PAK

The PAK (Package) file format is Pangya's game archive/packaging format. These files contain multiple other files and are distributed with patches.

File Structure

File Header

At the end of the file we have our header data, following this structure:

struct PAKHeader
{
uint FileListOffset;
uint FileCount;
byte Signature;
}

FileListOffset tells us the offset of the file entry list from the beginning of the file. FileCount tells us how many files there are in this archive and Signature determines if this is a Pangya archive. If the signature is anything else than 0x12, it's not valid.

File Entries

File entries tell us more about a single file being present in the archive, you start reading them in FileCount times starting from the FileListOffset from the file header. The entries follow this structure:

struct PAKFileEntry
{
byte FileNameLength;
byte Compression;
uint Offset;
uint FileSize;
uint RealFileSize;
string FileName;
}

You start reading in the values as denoted in the structure up until the file name. Different as from other Pangya file formats, the string length isn't automatically 40 bytes, we now have a FileNameLength field telling us the length.

So after reading in FileNameLength bytes for FileName we need to do another check. We need to check the Compression value.

If compression is a value between 0 and 4, this is a pre-Season 4 archive and we need to use XOR, and if the compression value is way off, we need to use XTEA for the metadata.

XOR

The old legacy archives only have a single value enciphered with the XOR, and that's the file name. Simply XOR the filename's bytes with the XOR key and you get the proper filename.

After reading in the filename, there is also another byte-value null-byte you need to skip over. Albeit the string being size is delimited by the FileNameLength, there is another delimiter present.

XTEA

With XTEA, you need to decrypt a few more values before you can read in the files data from the archive. Simply use the region-specific XTEA-key for those values:

  • FileName

  • Offset

  • RealFileSize

Compression

Before we handle the step-by-step reading of a file, let's handle the Compression field from PAKFileEntry once more, the values we get from it are important for handling the files in the extraction process!

Compression Value

Description

0

No compression

1

LZ77

2

No compression, this file entry denotes a directory

3

Custom LZ77 (uses a mask offset and custom LZ77 mask values)

Archive Body

Starting from the beginning of the file up to the file list we have the archive body, containing all file data.

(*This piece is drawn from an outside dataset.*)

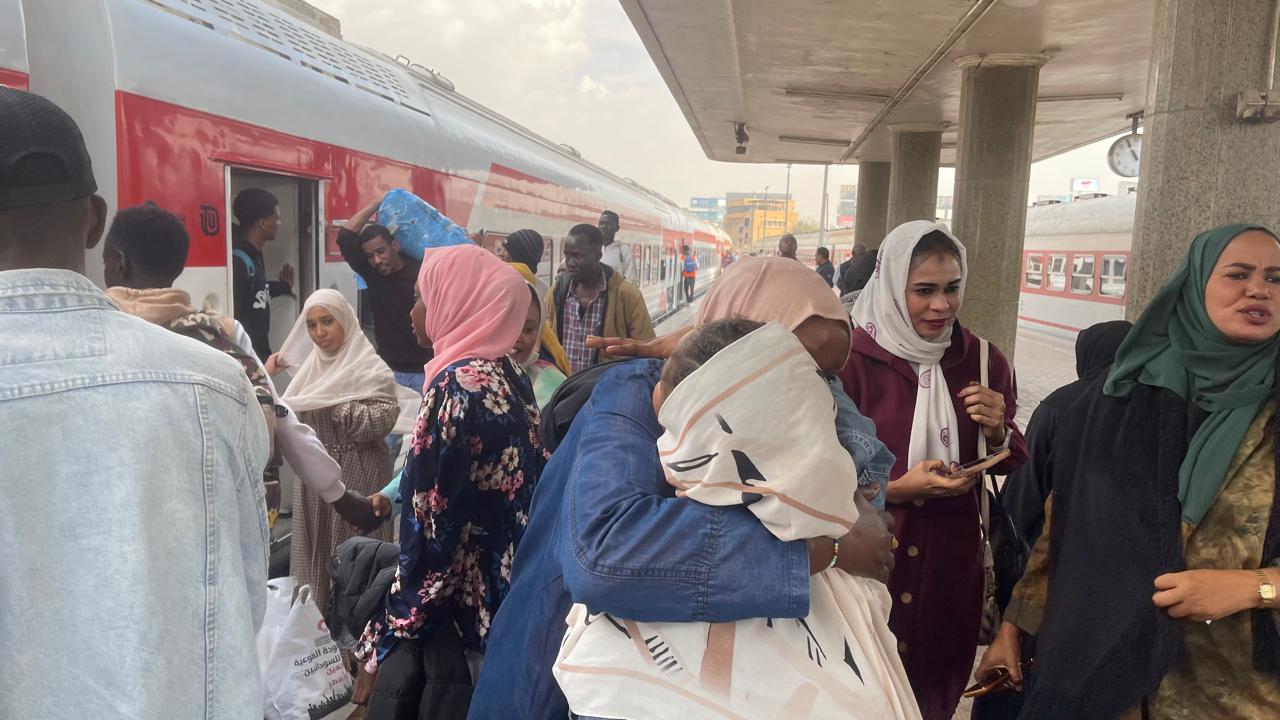 1765381220 494 السكة الحديد بتشغل الرحلة 37 لقطارات العودة للأشقاء السودانيين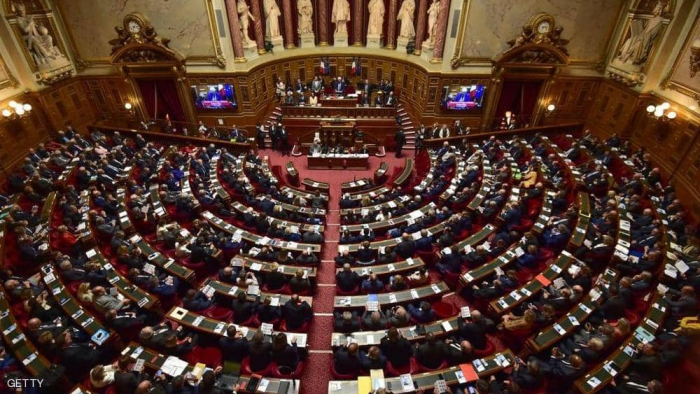 مجلس الشيوخ الفرنسي يناقش حظر الحجاب في "النزهات المدرسية"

To read the file entries properly, just use the data provided by the PAKFileEntrys acquired just earlier.

First check the Compression value of the file entry, if the value is 2, simply take the FileName and create a directory based on the FileName, if the value is anything different, continue.

With any other value for Compression, simply read in FileSize bytes starting from Offset. If compression is applied, decompress the data with the given algorithm and check if the decompressed size matches RealFileSize. If your filesize doesn't match, there has been an issue with decompression and the file is most likely going to be corrupt.

Save the resulting data into the location given with FileName, and voilĂ , the archive is unpacked!